But there are limits. For instance, ZFS does not make a backup unnecessary. If there’s a fire and your drives melt, then ZFS can’t do anything. Or if the hardware is lying about the drive geometry. ZFS is part of the operating environment and, as a consequence, relies on the hardware.

so ZFS can’t make unreliable hardware reliable. All it can do is trying to protect the data you saved on it. But it cannot guarantee this to you if the hardware becomes its enemy.

A real world example: I have a 32 core Opteron server here, with 4 FibreChannel Controllers and 4 JBODs with a total of [64] FC drives connected to it, running a RAID 10 using ZFS mirrors. Sounds a lot like high end hardware compared to your NFS server, right? But … I have exactly the same symptom. If one drive fails, an entire JBOD with all 16 included drives hangs, and all zpool access freezes. The reason for this is the miserable JBOD hardware. There’s only one FC loop inside of it, the drives are connected serially to each other, and if one drive dies, the drives behind it go downhill, too. ZFS immediately starts caring about the data, the zpool command hangs (but I still have traffic on the other half of the ZFS mirror!), and it does the right thing by doing so: whatever happens, my data must not be damaged.

A “bad” filesystem like Linux ext2 or ext3 with LVM would just continue, even if the Volume Manager noticed the missing drive or not. That’s what you experienced. But you run in the real danger of having to use fsck at some point. Or, in my case, fsck’ing 5 TB of data on 64 drives. That’s not much fun and results in a lot more downtime than replacing the faulty drive.

What can you expect from ZFS in your case? You can expect it to detect that a drive is missing and to make sure, that your _data integrity_ isn’t compromised. By any means necessary. This may even require to make a system completely unresponsive until a timeout has passed.

But what you described is not a case of reliability. You want something completely different. You expect it to deliver *availability*.

And availability is something ZFS doesn’t promise. It simply can’t deliver this. You have the impression that NTFS and various other Filesystems do so, but that’s an illusion. The next reboot followed by a fsck run will show you why. Availability requires full reliability of every included component of your server as a minimum, and you can’t expect ZFS or any other filesystem to deliver this with cheap IDE hardware.

Usually people want to save money when buying hardware, and ZFS is a good choice to deliver the *reliability* then. But the conceptual stalemate between reliability and availability of such cheap hardware still exists – the hardware is cheap, the file system and services may be reliable, but as soon as you want *availability*, it’s getting expensive again, because you have to buy every hardware component at least twice.

So, you have the choice:

a) If you want *availability*, stay with your old solution. But you have no guarantee that your data is always intact. You’ll always be able to stream your video, but you have no guarantee that the client will receive a stream without drop outs forever.

b) If you want *data integrity*, ZFS is your best friend.
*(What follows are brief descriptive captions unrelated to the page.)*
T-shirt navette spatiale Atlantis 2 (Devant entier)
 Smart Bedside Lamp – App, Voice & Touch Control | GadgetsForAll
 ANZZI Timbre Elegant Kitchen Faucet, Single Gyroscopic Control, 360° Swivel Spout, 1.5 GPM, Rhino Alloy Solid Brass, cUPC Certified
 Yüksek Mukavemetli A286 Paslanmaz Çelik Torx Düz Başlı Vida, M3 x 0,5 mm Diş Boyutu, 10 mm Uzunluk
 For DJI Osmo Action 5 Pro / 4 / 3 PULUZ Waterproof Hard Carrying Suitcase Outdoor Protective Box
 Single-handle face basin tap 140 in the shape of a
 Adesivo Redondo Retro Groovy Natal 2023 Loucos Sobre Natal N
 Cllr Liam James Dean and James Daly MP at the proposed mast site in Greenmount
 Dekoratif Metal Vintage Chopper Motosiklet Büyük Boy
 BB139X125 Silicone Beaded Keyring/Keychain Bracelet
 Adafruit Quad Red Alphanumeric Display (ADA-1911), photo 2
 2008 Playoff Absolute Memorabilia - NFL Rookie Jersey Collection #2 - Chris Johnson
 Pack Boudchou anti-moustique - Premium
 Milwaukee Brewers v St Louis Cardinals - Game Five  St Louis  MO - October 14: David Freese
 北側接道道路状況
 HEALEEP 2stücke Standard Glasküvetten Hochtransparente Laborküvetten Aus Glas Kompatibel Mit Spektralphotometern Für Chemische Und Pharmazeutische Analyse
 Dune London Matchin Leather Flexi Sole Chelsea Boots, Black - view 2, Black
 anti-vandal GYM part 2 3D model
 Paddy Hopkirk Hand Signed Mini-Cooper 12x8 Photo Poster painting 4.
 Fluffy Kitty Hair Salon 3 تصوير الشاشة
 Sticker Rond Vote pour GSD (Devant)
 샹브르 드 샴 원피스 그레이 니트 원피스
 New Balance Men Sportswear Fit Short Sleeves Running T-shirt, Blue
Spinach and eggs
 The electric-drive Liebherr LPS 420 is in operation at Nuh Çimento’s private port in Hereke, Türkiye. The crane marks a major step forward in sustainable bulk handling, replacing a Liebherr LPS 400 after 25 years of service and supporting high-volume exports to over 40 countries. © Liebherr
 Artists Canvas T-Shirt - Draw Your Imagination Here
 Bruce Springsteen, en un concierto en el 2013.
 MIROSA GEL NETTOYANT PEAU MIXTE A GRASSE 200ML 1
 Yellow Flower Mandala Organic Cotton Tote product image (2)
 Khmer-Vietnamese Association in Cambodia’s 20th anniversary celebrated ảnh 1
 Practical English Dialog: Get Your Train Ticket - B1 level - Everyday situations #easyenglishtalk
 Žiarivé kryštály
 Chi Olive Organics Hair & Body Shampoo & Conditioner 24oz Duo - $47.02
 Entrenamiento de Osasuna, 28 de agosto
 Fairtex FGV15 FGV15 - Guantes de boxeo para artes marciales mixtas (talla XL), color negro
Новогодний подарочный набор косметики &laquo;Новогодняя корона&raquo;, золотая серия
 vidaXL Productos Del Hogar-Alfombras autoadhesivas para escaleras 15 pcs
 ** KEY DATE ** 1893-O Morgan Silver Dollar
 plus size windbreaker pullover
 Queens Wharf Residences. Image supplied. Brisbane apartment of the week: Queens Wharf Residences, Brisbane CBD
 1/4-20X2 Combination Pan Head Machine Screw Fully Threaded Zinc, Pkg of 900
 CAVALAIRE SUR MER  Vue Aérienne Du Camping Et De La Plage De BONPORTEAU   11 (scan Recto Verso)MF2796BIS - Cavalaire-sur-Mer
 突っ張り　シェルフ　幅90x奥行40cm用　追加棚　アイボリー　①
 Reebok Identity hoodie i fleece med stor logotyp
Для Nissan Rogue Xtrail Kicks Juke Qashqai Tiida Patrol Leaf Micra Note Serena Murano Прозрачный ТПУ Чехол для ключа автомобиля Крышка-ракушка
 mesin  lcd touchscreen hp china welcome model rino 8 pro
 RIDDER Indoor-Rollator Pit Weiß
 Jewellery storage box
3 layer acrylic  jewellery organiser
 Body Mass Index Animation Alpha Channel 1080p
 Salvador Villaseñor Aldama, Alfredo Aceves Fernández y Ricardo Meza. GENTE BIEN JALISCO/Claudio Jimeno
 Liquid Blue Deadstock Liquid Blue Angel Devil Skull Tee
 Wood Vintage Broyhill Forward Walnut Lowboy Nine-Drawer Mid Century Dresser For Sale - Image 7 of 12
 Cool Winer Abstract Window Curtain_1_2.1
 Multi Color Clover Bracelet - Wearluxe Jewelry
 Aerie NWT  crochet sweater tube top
But you may have slight availability issues when it comes to hardware defects. You may reduce the percentage of pain during a disaster by spending more money, e.g. by making the SATA controllers redundant and creating a mirror (than controller 1 will hang, but controller 2 will continue working), but you must not forget that your PCI bridges, fans, power supplies, etc. remain single points of failures why can take the entire service down like your pulling of the non-hotpluggable drive did.

c) If you want both, you should buy a second server and create a NFS cluster.

Hope I could help you a bit,

Ralf

The only thing somewhat lacking from the post is that creating a NFS cluster comes across as not being a very complex thing to do either. Tightly coupling anything really is pretty complicated especially it needs to be stateful (for lack of a better word), in this case the data must be in sync(then there’s the IP-level tolerance, optional MAC takeover, handling fail over of NFS clients to the backup system, failing back, performing online upgrades etc). Just look at the guide Red Hat wrote for building a HA NFS cluster with GFS. Just look at the diagram on page 21 if you don’t want to read the whole thing! Hell I’ll put the digram here because we need more color, note that Red Hat forgot network and fiber switch fault tolerance –

That. Is. A. Lot. Of. Moving. Parts. I was actually considering deploying this at a previous company(not the one that brought up the ZFS discussion), budgets were slashed and I left shortly before the company (and economy) really nose dived.

Also take note in the above example, that only covers the NFS portion of the cluster, they do not talk about how the back end storage is protected. GFS is a shared file system, so the assumption is you are operating on a SAN of some sort. In my case I was planning to use our 3PAR E200 at the time.

Unlike say providing fault tolerance for a network device(setting aside stateful firewalls in this example), since the TCP stack in general is a very forgiving system, storage on the other hand makes so many assumptions about stuff “just working” that you know as well as I do, when storage breaks, usually everything above it breaks hard too, and in crazy complicated ways (I just love to see that “D” in the linux process list after a storage event). Stateful firewall replication is fairly simple by contrast.

Also I suspect that all of the fancy data integrity protection bits are all for naught when running ZFS with things like RAID controllers or higher end storage arrays because of the added abstraction layer(s) that ZFS has no control over, which is probably why so many folks prefer to run RAID in ZFS itself and use “raw” disks.

I think ZFS has some great concepts in it, I’ve never used it because it’s usability on Linux has been very limited (and haven’t had a need for ZFS that was big enough to justify deploying a Solaris system), but certainly give mad props to the evil geniuses who created it.

ZFS Free and clear.. or is it?

Filed under: News,Random Thought,Storage — Tags: , — Nate @ 7:03 pm

So, Sun and Oracle kissed and made up recently over the lawsuits they had against each other, from our best friends at The Register

Whatever the reasons for the mutual agreement to dismiss the lawsuits, ZFS technology product users and end-users can feel relieved that a distracting lawsuit has been cleared away.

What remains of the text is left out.